El argumento del 1 de octubre de 2017 es el amor. Algunos se quedarán con las cargas policiales y las urnas arrancadas, y los cinturones negros del victimismo aprovecharán la legítima violencia del Estado para invertir la energía del golpe y presentar al defensor de la ley como al allanador de su morada, sin dejar de ejercer un ápice de violencia propia. Pero esa llave de judo a la democracia parecerá el abrazo de un amante, y de eso se trata.
Nos tienen advertido que el fin del mundo no se consumará con una explosión, sino con un gemido.
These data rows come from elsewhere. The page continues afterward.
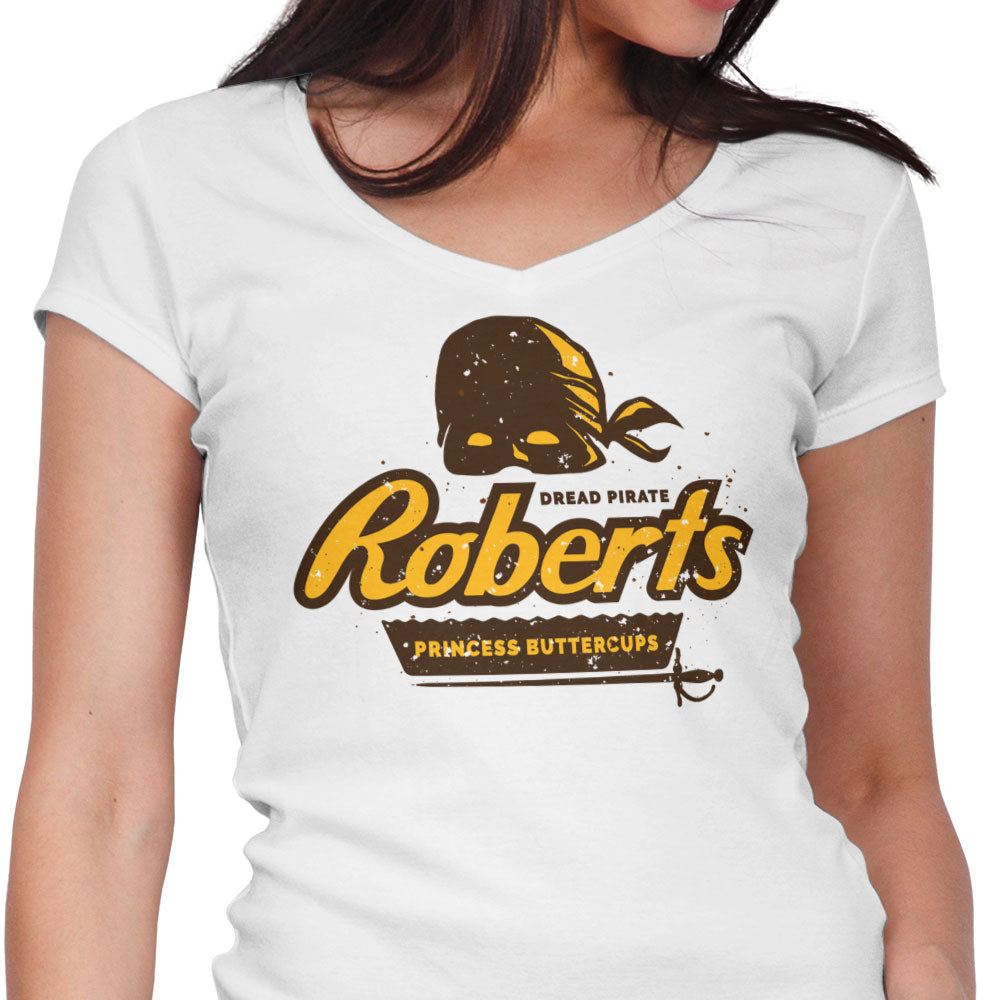 Dread Candy - Women's V-Neck product image 1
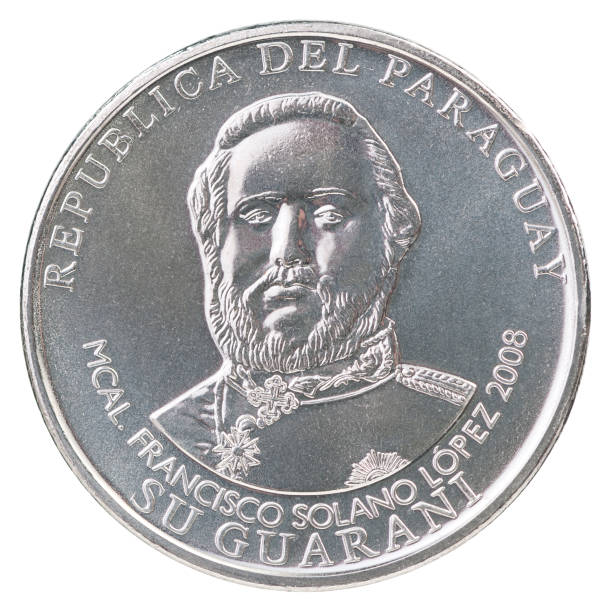 istock Paraguay Guarani Corner 1087212460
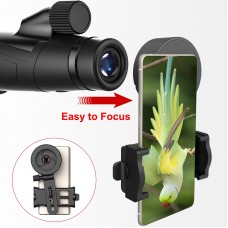 Адаптер Eyeskey CM-9 Digiscoping adapter модель EyeS-ACM9 от Eyeskey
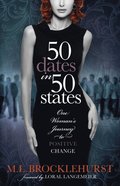 50 Dates in 50 States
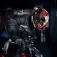 Shark Casco integral Skwal Cup Speed-Vib ECE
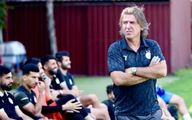 درخواست مهم ریکاردو ساپینتو از مدیران باشگاه استقلال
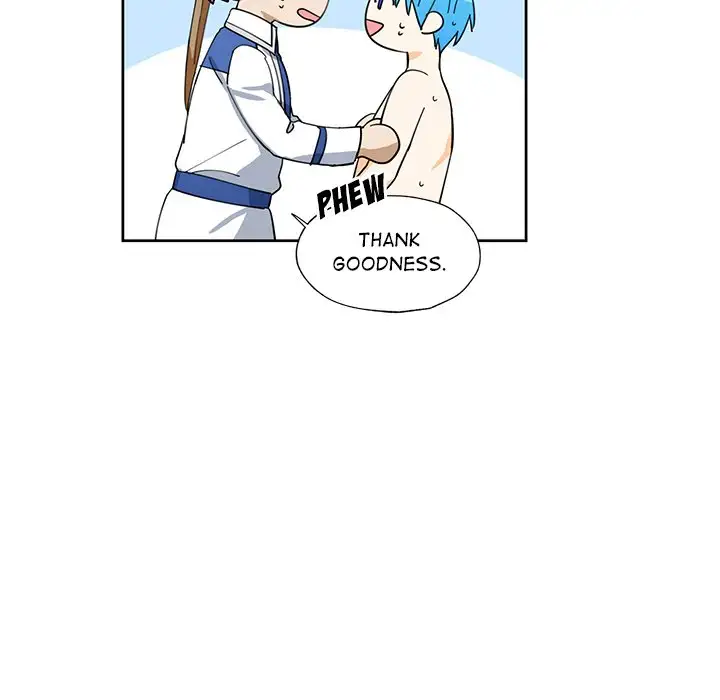 Our Secret Garden - Chapter 13 Page 39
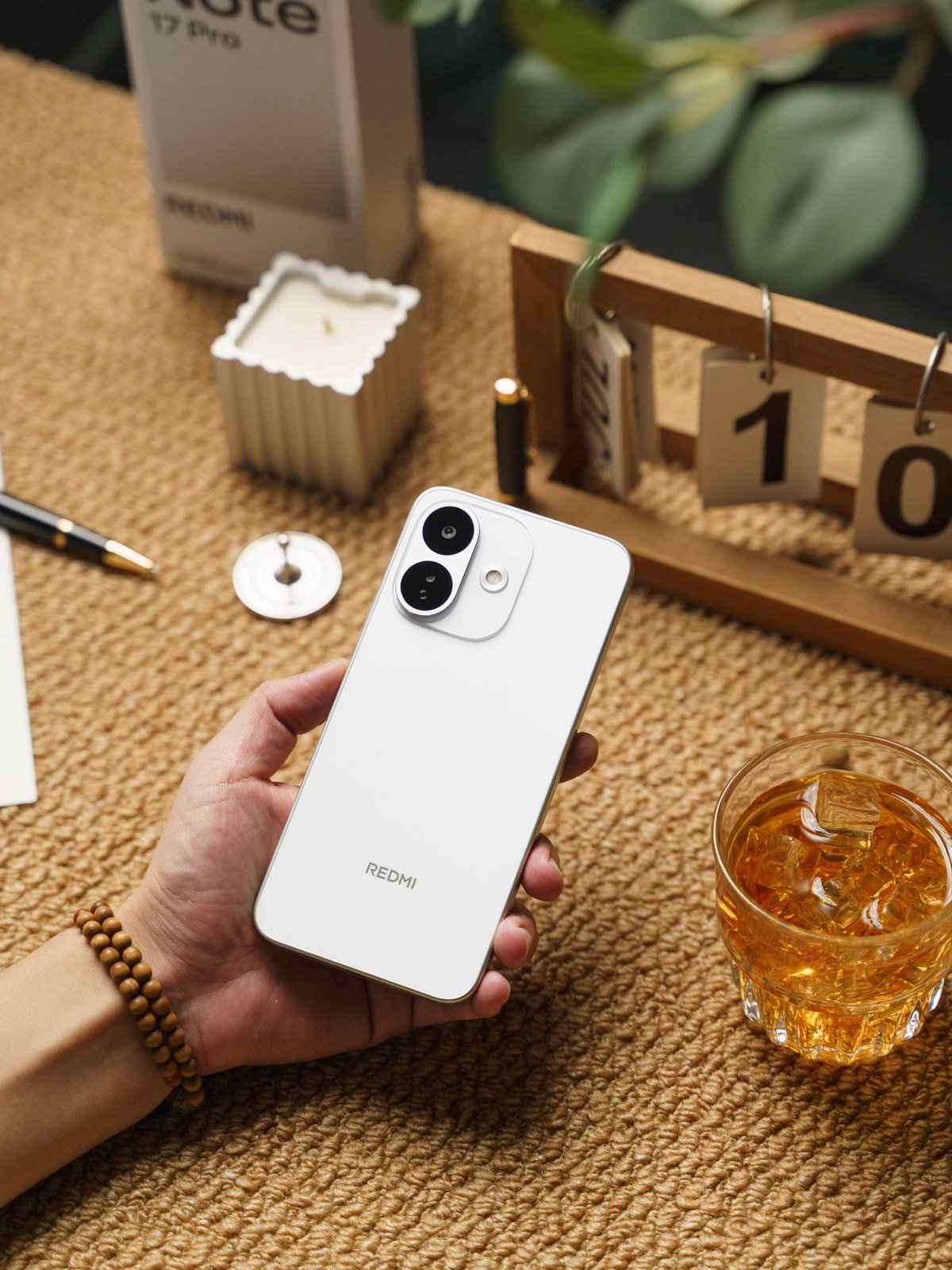 Redmi Note 17 Pro新机上市 售价$339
De igual modo, la democracia mediática de la posmodernidad no muere bajo los porrazos de la policía, sino por un beso filmado a tiempo. El pueblo es muy enamoradizo: se va con cualquier descarado que sepa cortejar su vulnerable autoestima. Y ese beso fundacional termina siempre posándose sobre la mejilla de un caudillo oportuno y cachondo, con esa forma de hablar -ese cinematográfico relato- tan irresistible que nos persuade del divorcio con la democracia liberal, ese marido estable pero aburrido con el que la masa ya no siente placer.
Esto es lo que está pasando, una vez más, en una pequeña parte de un continente que ha proyectado la misma puta película cientos de veces, interpretada por actores diferentes, explotada lucrativamente por remakes que nunca acaban de escarmentarnos, porque cada día nacen nuevas generaciones que desconocen el final.